By Isabel Dwyer
I find curries hard to get right at home. Usually, they need tons of ingredients and a great deal of cream to get even remotely near restaurant-standard, but this issue’s recipe is both simple and clean. It comes all the way from Beira, Mozambique, where it was shared with me this past summer, and I haven’t met a recipe for curry that I’ve preferred since. It’s an almost-vegan, sweet and salty chickpea curry, with a thick sauce that will succeed in warming you during this very Galway autumn – a difficult feat.
You’ll need a tin of chickpeas, a tin of coconut milk, a butternut squash or a sweet potato, onion, garlic, ginger, curry powder, stock cubes of your choice, honey, and some rice. The honey and stock cubes (even vegetarian stock cubes sometimes contain animal products) are the only non-vegan ingredients here. To make fully vegan, swap out the honey for maple syrup and take a trip to a health store, like Evergreen, for some vegan stock cubes. Whether you use a butternut squash or a sweet potato is totally up to you. The recipe calls for butternut squash, but if you’re cooking for just yourself you might find it hard to use up the giant vegetable that it is. As for price difference, both cost more or less the same in Mastersons on Headford Road. You can use fresh ginger (about half a knob) or ginger powder (about four tablespoons); fresh ginger is better, but it’s entirely up to you – and your bank account. Save yourself some yo-yos by cooking your rice from scratch instead of buying those pre-cooked microwavable pouches. Not only is it better for your pocket that way, it’s also more environmentally friendly than to be throwing out all those unrecyclable pouches.
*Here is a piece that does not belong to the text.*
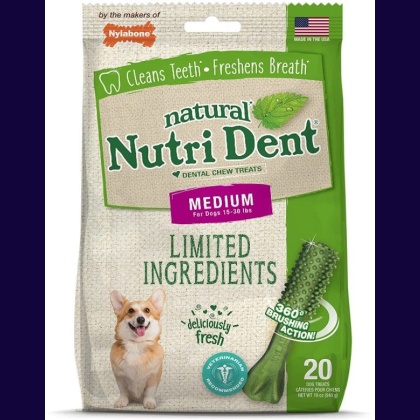 Nylabone Natural Nutri Dent Fresh Breath Dental Chews - Limited Ingredients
Start by prepping your vegetables. Chop up your garlic, onion, and ginger if you’re opting to use it fresh as opposed to powdered. The amount of garlic cloves you use is, as always, up to you. If I wrote down the amount that I used, I’d probably be excommunicated. Chop up your veg of choice too, into small chunks. If you’re using a sweet potato, you can use a whole one, while you’ll only need half of a butternut squash. Don’t forget to peel the squash too.
Heat up your oil in a big enough pot and add the ginger and garlic. If you want to add a bit of heat to the dish, now would be the time to throw in any chili flakes or chili powder you have in the press. After a minute or so, fire in the chopped onion. Give it a mix and let it turn translucent. Keep mixing, or everything will stick to the bottom, especially if you’re using ginger powder. Now turn up the heat and add the squash/potato chunks, and the tin of chickpeas (strained). Add a stock cube and lots of curry powder now, about five heaped tablespoons. Mix well, then empty in the tin of coconut milk. You can keep the heat on high for a bit, still mixing, until the veg starts to soften. Then, turn down and cover with a lid, letting the sauce reduce. Sometimes, to help the sauce reach the texture I want it to be, I use a potato masher to smush down just one section of the contents of the pot, then I mix those mashed bits among the un–mashed. If you want, now would be the time to add any leftover veg that’s close to going off in the fridge, like tomatoes or spinach. Anything goes, there are no rules. Live wild.
When cooking the rice, there should be double the amount of water as there is rice. It should start off cold. Then, bring to a boil. When boiling (big scary bubbles), turn it back down, cover it, and leave it alone to do its thing. Simples.
I like to then leave the curry cooking away on a low heat for ages, just because hard chickpeas are, in my humble opinion, the devil’s children. Once they’re nice and soft, I taste and add a glob of honey for sweetness. Use your instincts and add more curry/ginger powder if needed. Sometimes, I add a dash of soy sauce here.
This recipe freezes really well, so chuck the leftovers into a lunchbox and try to fit it into the freezer that has been taken over by your housemate’s abnormally large garlic baguette collection. To free up some space, steal some of said garlic baguette. I won’t say anything if you don’t.